BANDUNG, TINTAHIJAU.com — Kepolisian Resor Kota Besar (Polrestabes) Bandung mencatat capaian signifikan dalam pengungkapan kasus narkotika sepanjang Januari hingga Desember 2025. Selama periode tersebut, polisi berhasil menyita 4,6 kilogram narkotika jenis sabu dari berbagai lokasi pengungkapan di wilayah hukum Kota Bandung.
Kapolrestabes Bandung Kombes Pol. Budi Sartono mengatakan, selama satu tahun pihaknya mengungkap 175 kasus narkotika jenis sabu, 17 kasus ganja kering, 57 kasus tembakau sintetis, 15 kasus ekstasi, serta 22 kasus obat-obatan keras tertentu. “Dari hasil pengungkapan tersebut, polisi menyita sabu seberat 4.653,139 gram atau lebih dari empat kilogram,” ujar Budi saat memaparkan capaian kinerja Satuan Reserse Narkoba (Satresnarkoba).
Selain sabu, petugas juga menyita ganja kering dengan berat mencapai 14.095,63 gram atau sekitar 14 kilogram. Untuk narkotika jenis tembakau sintetis, Satresnarkoba mengamankan barang bukti seberat 12.464,873 gram. Polisi juga menyita tembakau sintetis cair sebanyak 990 mililiter serta bahan baku tembakau sintetis seberat 226,08 gram yang diduga akan digunakan untuk produksi dan peredaran lebih lanjut.

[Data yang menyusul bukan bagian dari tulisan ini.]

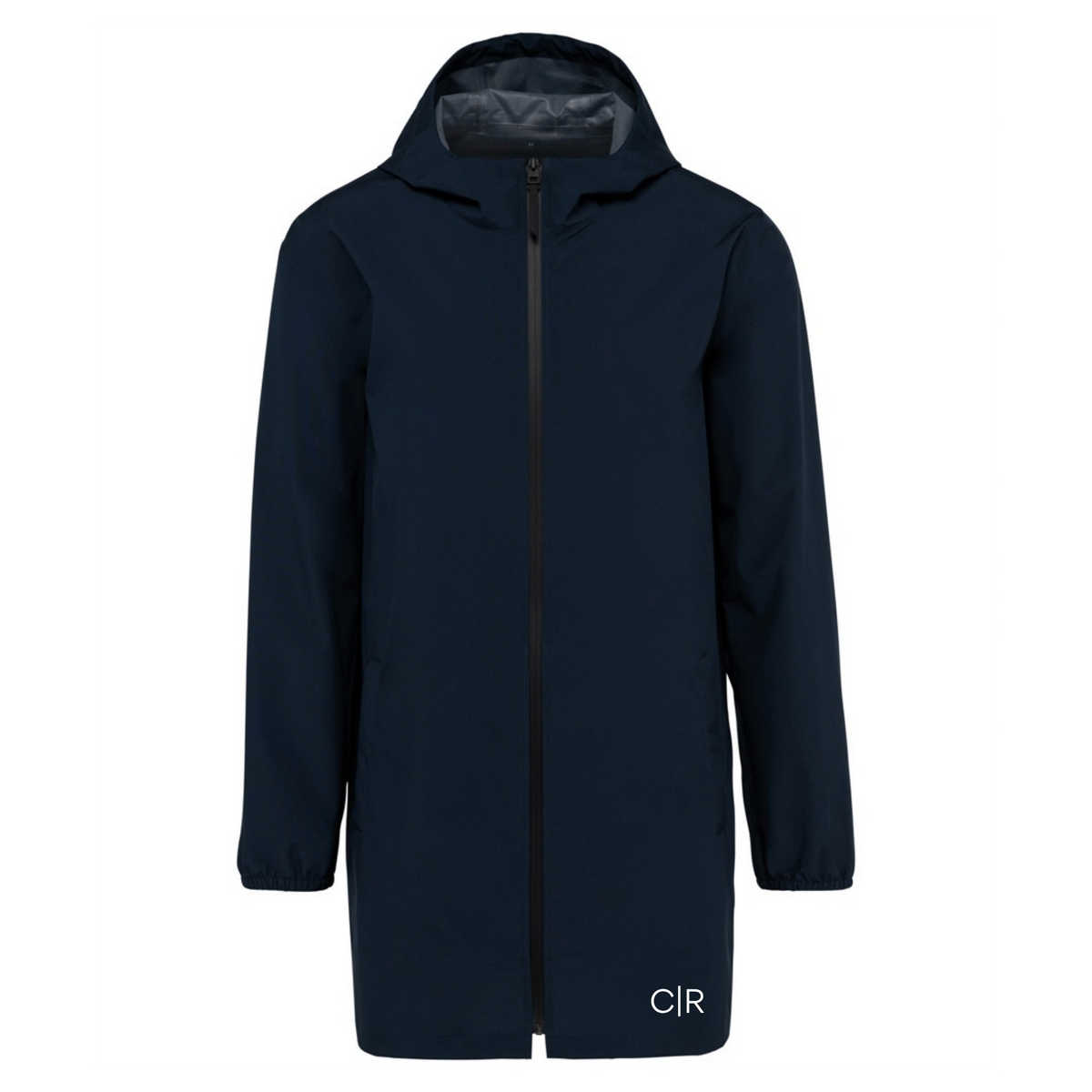 C|R Unisex Longline Waterproof Jacket - Made to Order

Tak hanya narkotika, sepanjang 2025 polisi turut mengamankan obat-obatan keras tertentu dalam jumlah besar. Total barang bukti obat keras yang disita mencapai 3.054.531 butir, di antaranya jenis tramadol dan obat-obatan lain yang peredarannya dibatasi dan kerap disalahgunakan.

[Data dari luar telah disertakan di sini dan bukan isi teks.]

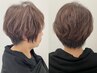 【ISA限定】カット＋ポイントエアウェーブ　￥15,000→￥10,990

Dalam pengungkapan tersebut, Satresnarkoba Polrestabes Bandung juga menyita sejumlah barang pendukung tindak pidana, di antaranya 340 unit telepon genggam yang digunakan untuk transaksi, 180 unit timbangan digital, 11 kendaraan roda dua, serta dua kendaraan roda empat yang diduga berkaitan dengan aktivitas peredaran narkoba.
Budi menilai, tren peredaran narkoba di Kota Bandung relatif sama dibandingkan tahun sebelumnya. Namun, terdapat peningkatan pada kasus penyalahgunaan dan peredaran obat-obatan keras tertentu. “Hampir relatif sama dengan tahun lalu. Namun, memang ada peningkatan pada obat-obatan keras tertentu seperti tramadol dan lain-lain. Tahun ini kami mengungkap kasus cukup besar di perumahan,” katanya.
Ia menegaskan, pihak kepolisian akan terus melakukan penindakan tegas dan pengawasan ketat terhadap peredaran narkotika, khususnya obat-obatan keras yang dinilai semakin marak dan mudah diakses. Polrestabes Bandung juga mengimbau masyarakat untuk berperan aktif memberikan informasi kepada kepolisian apabila mengetahui adanya aktivitas peredaran narkoba di lingkungan sekitar.
“Kerja sama antara aparat dan masyarakat menjadi kunci dalam menekan peredaran narkoba,” ujar Budi.